We have a large group of youth involved and have formed a YELL! group (Young Engaged Lodge Leaders), but what we are also building is emerging leaders in the age range of 30-45. This is the target group with young families and the individuals who will keep it alive and well just as generations that came before us. Unlike 1911, today the emerging young leaders in our local lodge consist of the following:  teachers,  an attorney, graphic designer,  corporate manager, therapist, school administrator, welder, and office professionals.

So with this different make up of our lodge, it is evolving.  It must.
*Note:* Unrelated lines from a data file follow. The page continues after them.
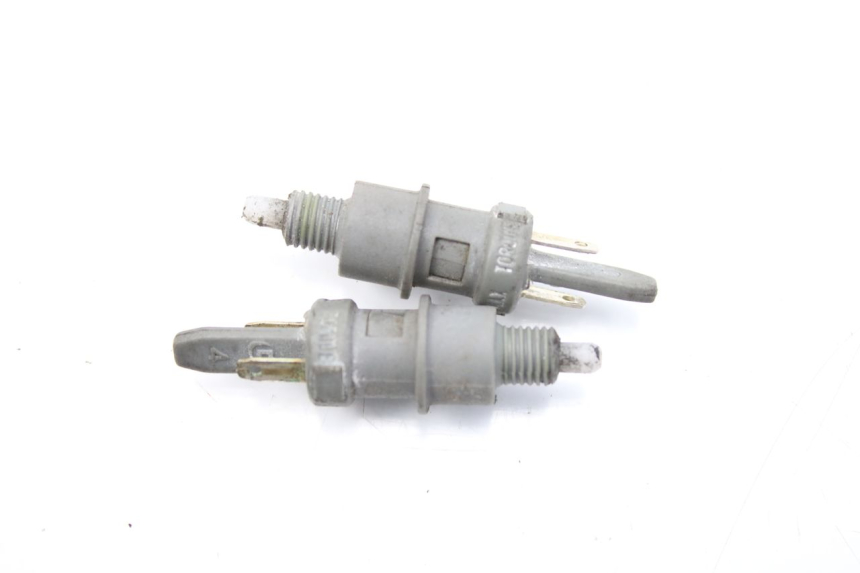 photo de INTERRUPTOR DE LUZ DE FRENO PEUGEOT LUDIX 50 (2008 - 2017)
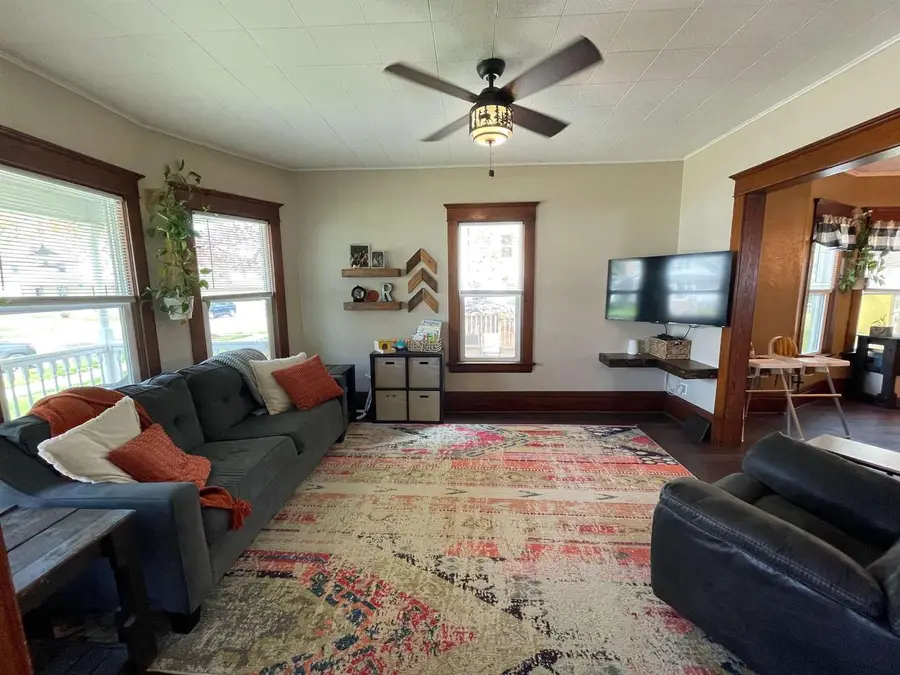 408 7th Street, Baraboo, WI 53913 - #3
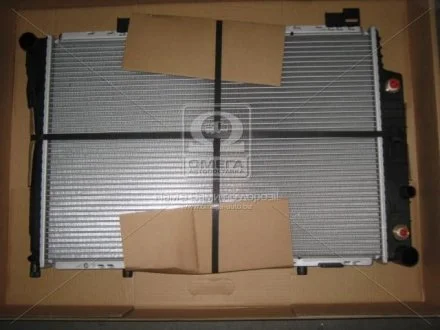 Радіатор MB C W 202(93-)C 180(+)[OE 202 500 22 03] NISSENS 62756A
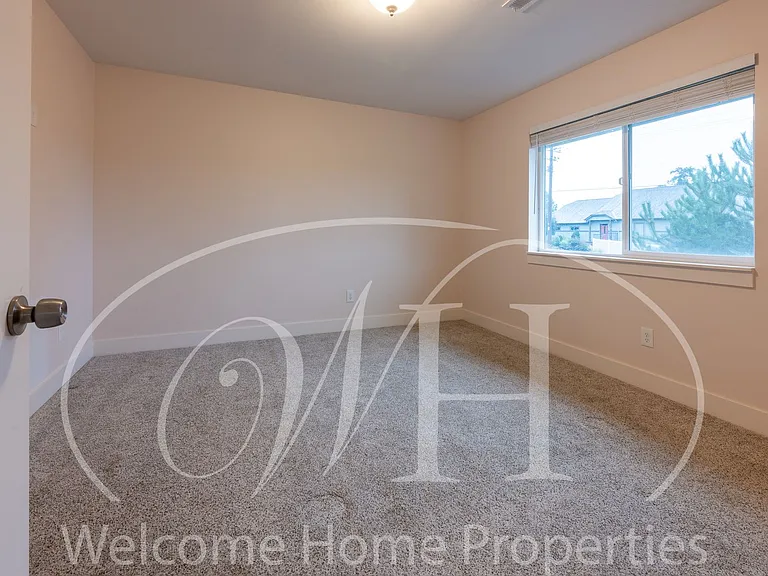 22 NE Hadley Way — Photo 25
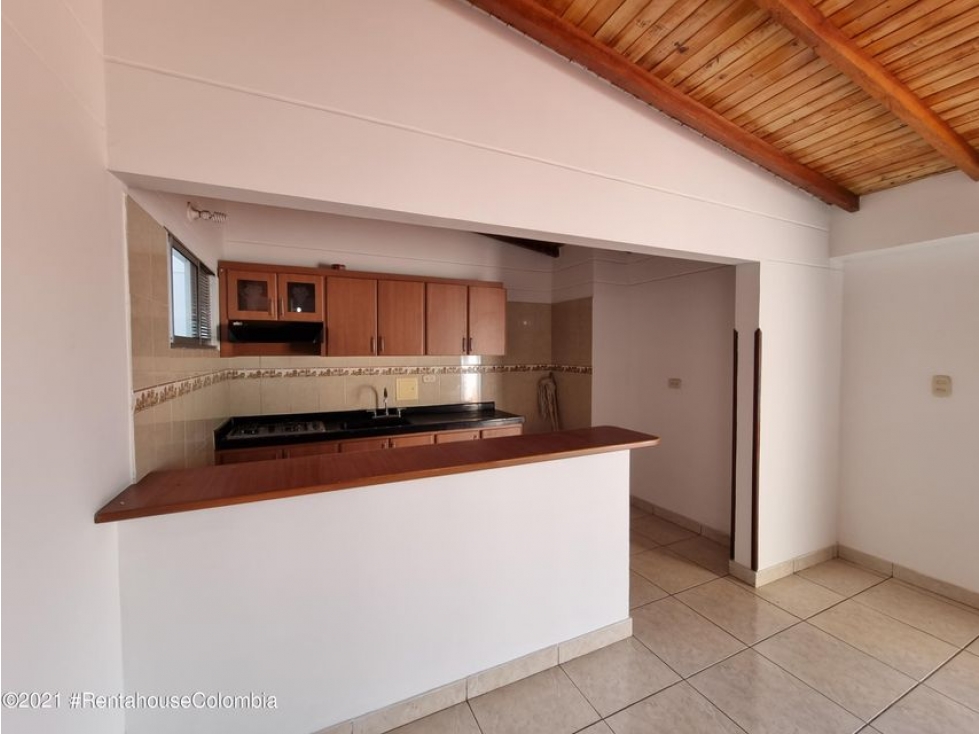 Apartamento en  Universidad RAH CO: 23-676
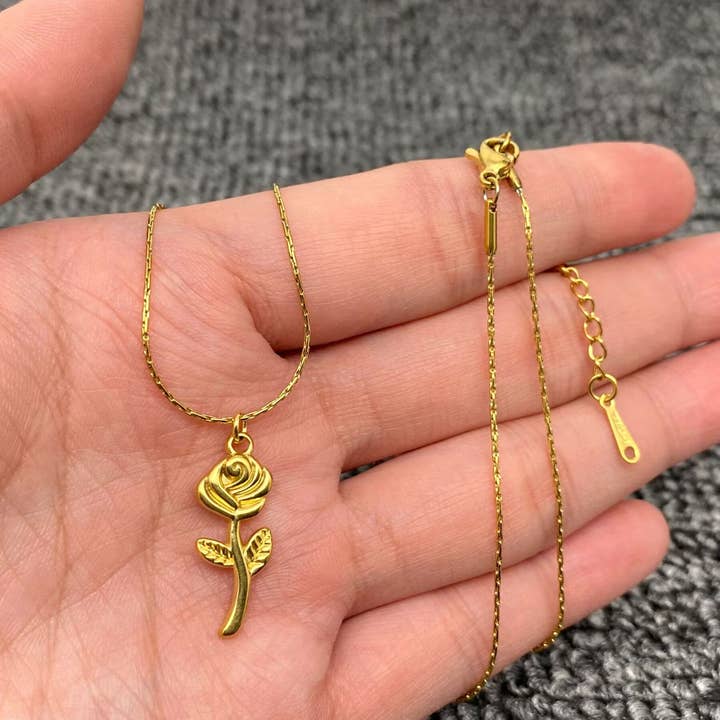 18K vergoldete Edelstahl-Halskette mit Rosenanhänger - FGS für den Großhandel von Mio Queena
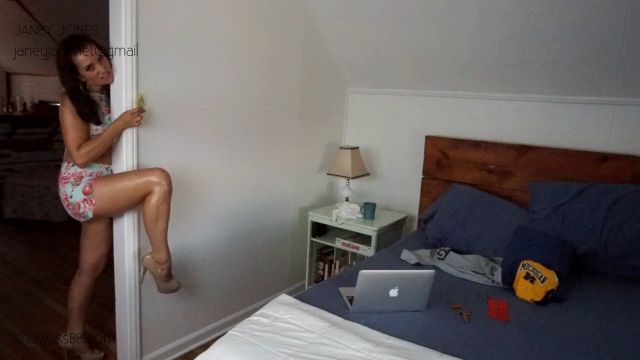 Janey Jones - Mommy Blackmail Joi 00000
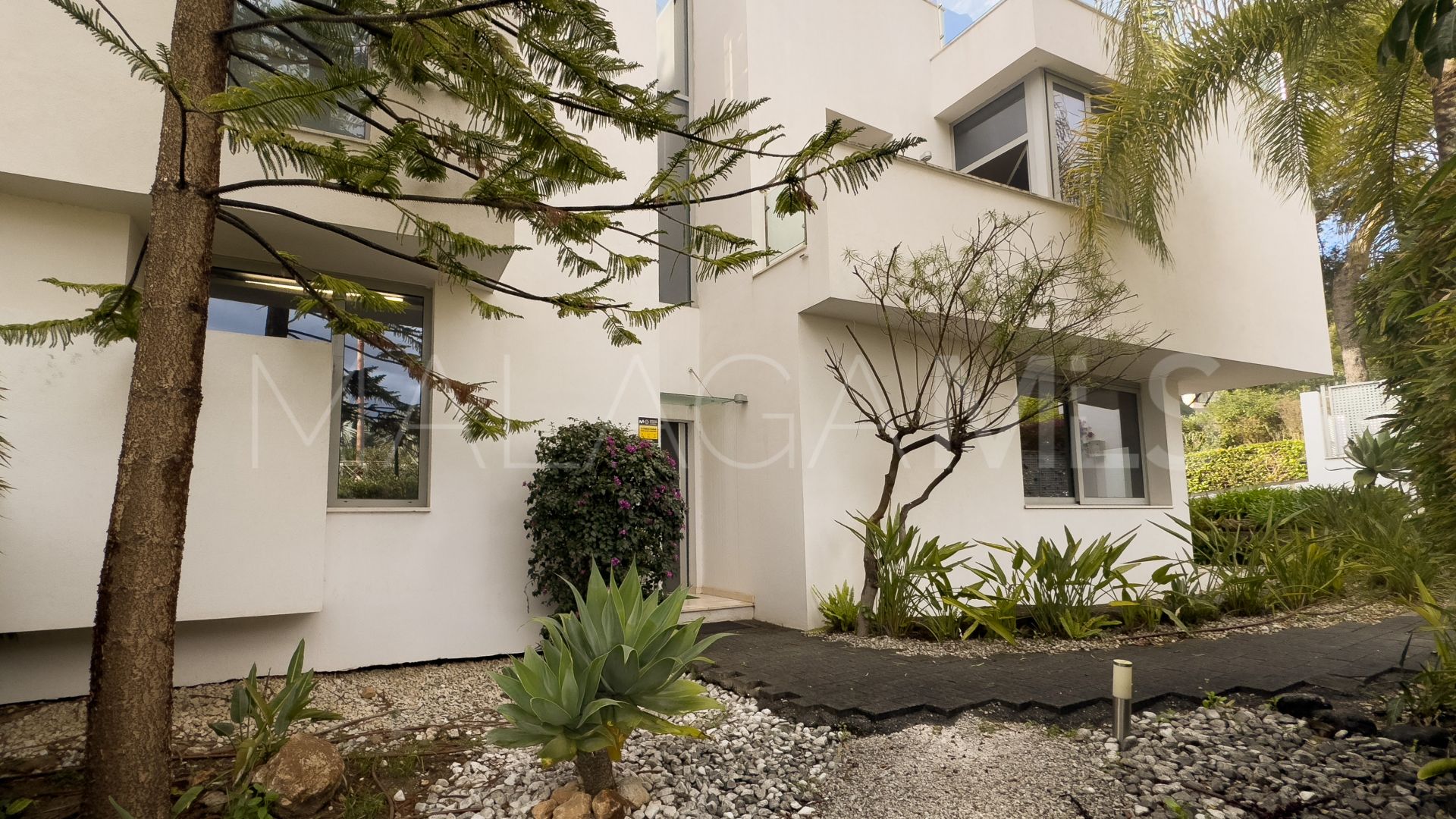 Semi detached house in Meisho Hills for sale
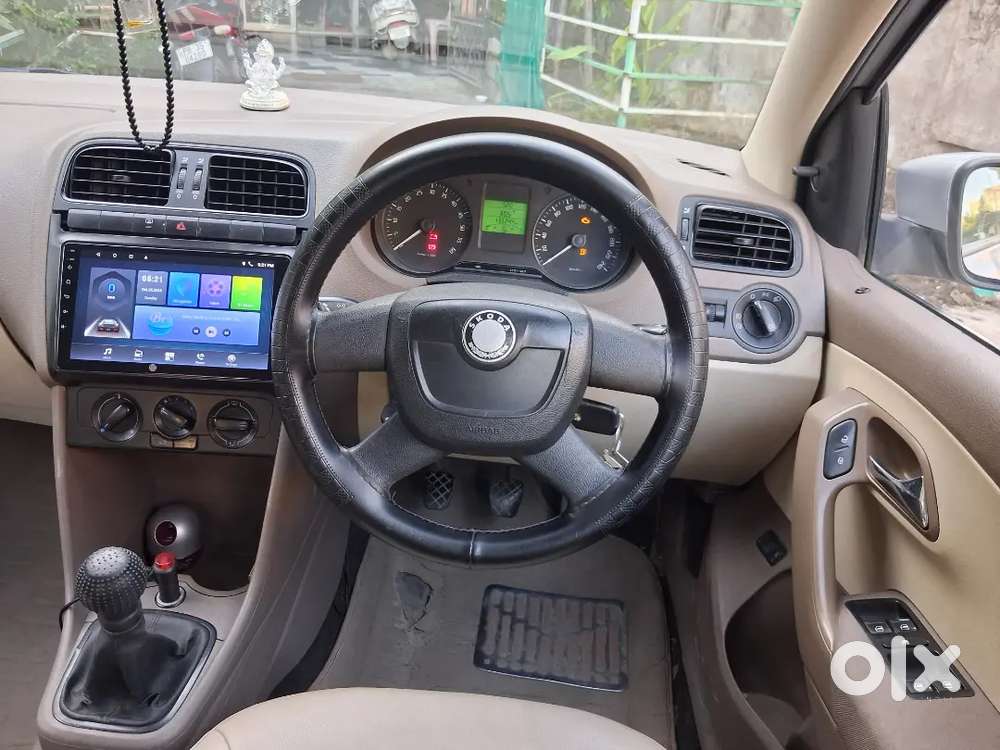 New Condition Full Insurance 2012 Modal New Tyer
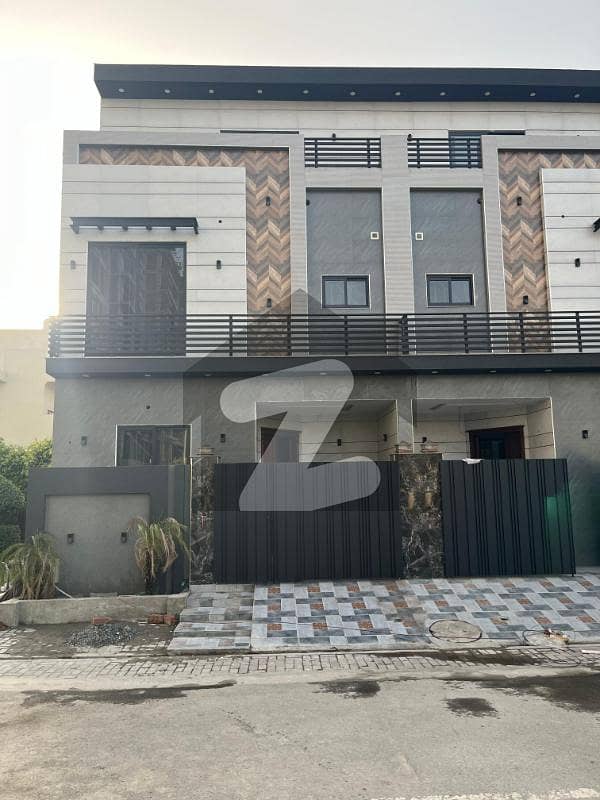 3 Marla Triple Storey Facing Park House For Sale In Ethiad Town Phase 1 Block A 3 Marla Triple Storey Facing Park House For Sale In Ethiad Town Phase 1 Block A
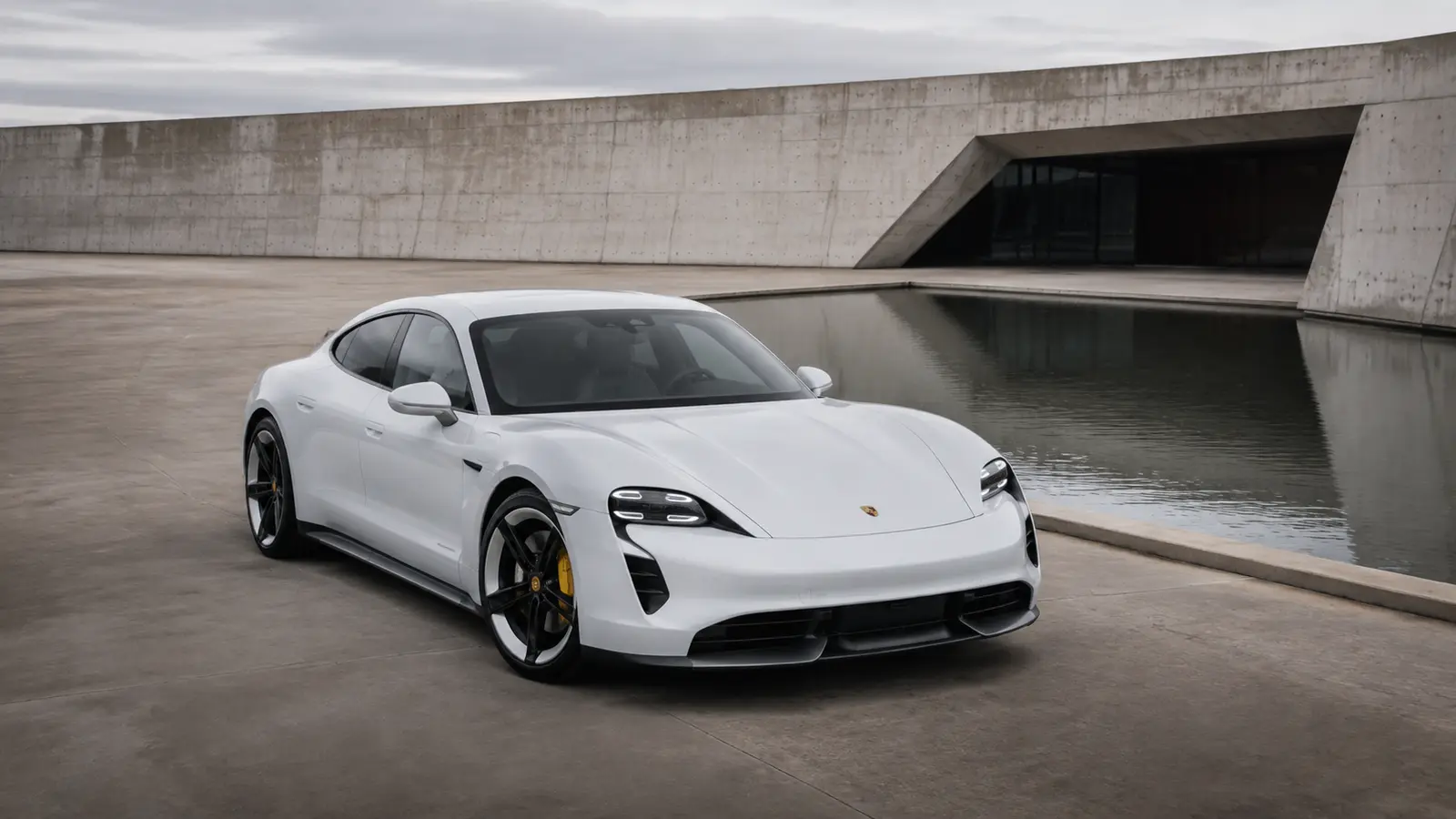 АВТО 1001757 белый Porsche Taycan у бетонного музея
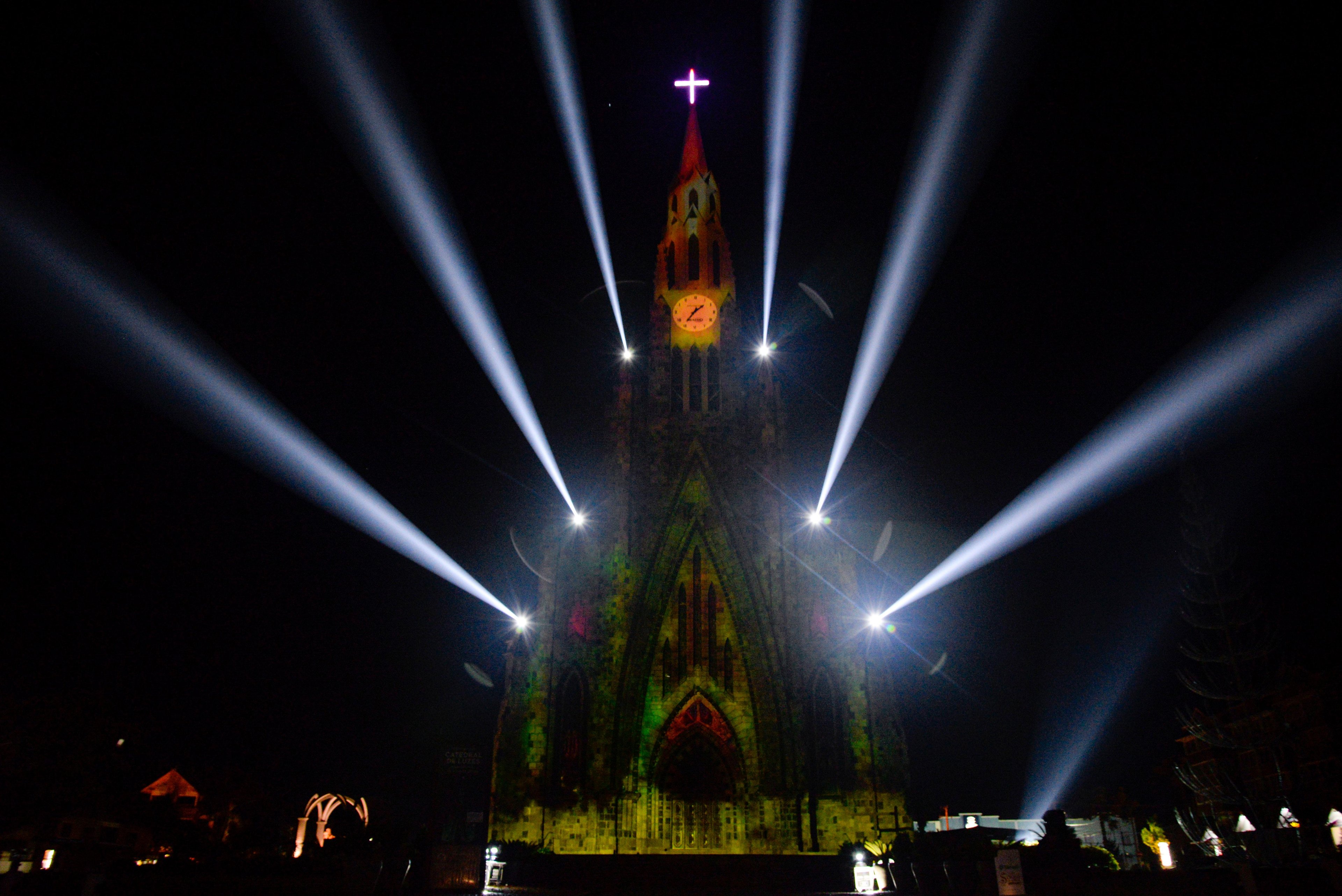 Espet&aacute;culos Vida e A F&aacute;brica de Sonhos, que come&ccedil;ariam nesta sexta-feira, na Catedral de Pedra, foram suspensos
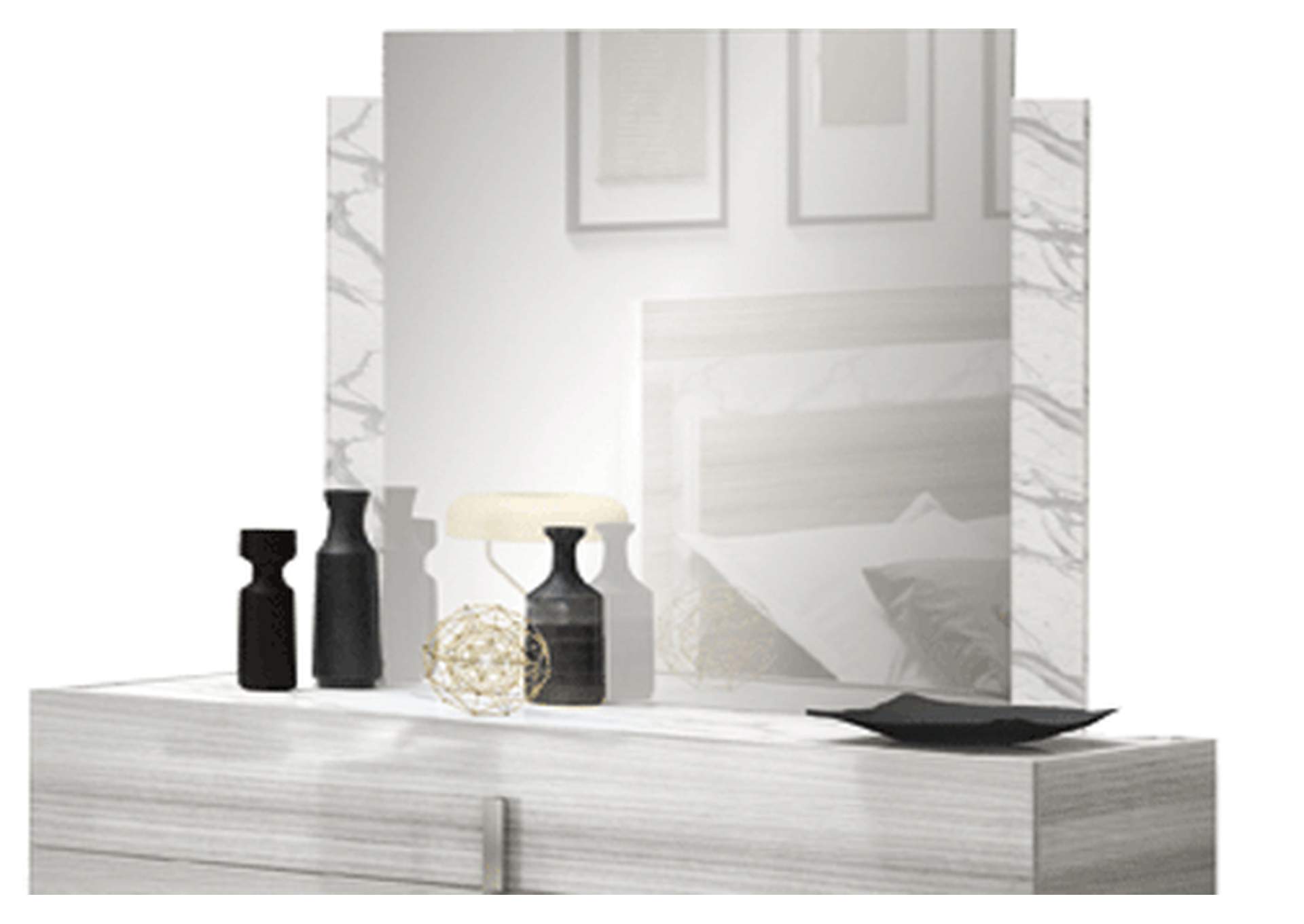 Carrara Mirror image 1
But the only people that can see this transformation through is my generation.  I was fortunate to have grown up in the lodge with parents that ensured I understood the importance of community and being part of something that is bigger than myself.  I want that for the generation that will be coming after me.  When I finished my undergrad and took a job locally, I came back to my roots and started to get involved in the lodge again, but this time as an adult and not a child.  It took some adjustments for the older generations and I had to be very patient and understanding of their needs, wants and expectations.  Change is never easy, especially if this is the way it has always been done and these are the people who have always done it.  I ran into simple issues of trying to help at events and having to make sure that I didn’t “take” anyones job.  One after another, my generation started coming back along with new members my age.  My generation and their families now have a respected presence and it feels great.

I am fortunate.  I grew up in a lodge that taught me the importance of being part of giving back and building on the strength of its community.  There is no doubt that my professional career benefited from it.  I became a teacher, an attorney, and currently a leader in an organization that is at the top of its profession.  And now, I am honored to give back to wfla by serving on its board of directors.

I actively participate in my lodge and joined the board of directors to ensure that others will have a chance to grow and benefit from the organization as well.   I am ready to influence the organization and ensure it is what my generation and younger will need and want it to be.  We are not there yet and we have a long way to go, but I believe that there are people just like me who want to see the community they live in grow, will step up, endure through the growing and changing pains, and make it happen.  It is time for us to embrace this opportunity and a chance to have an impact and make this organization into one that will endure and prosper.